• [Collected material]

******

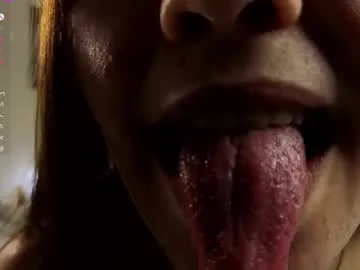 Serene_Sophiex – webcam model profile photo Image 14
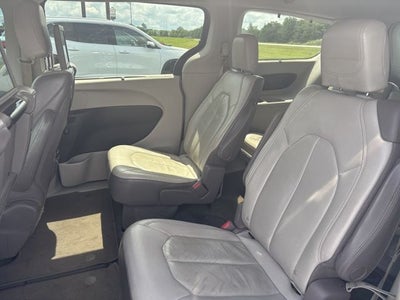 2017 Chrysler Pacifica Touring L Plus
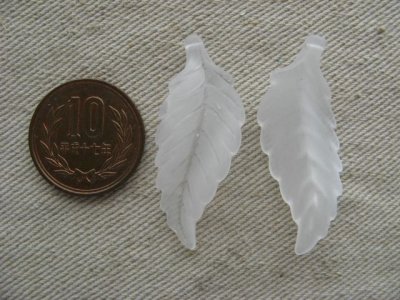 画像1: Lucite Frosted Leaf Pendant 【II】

******

• [Assigned task] Leave the pictures out and copy the rest of the data exactly.

• [Written answer]
 Serene_Sophiex – webcam model profile photo Image 14
 2017 Chrysler Pacifica Touring L Plus
 画像1: Lucite Frosted Leaf Pendant 【II】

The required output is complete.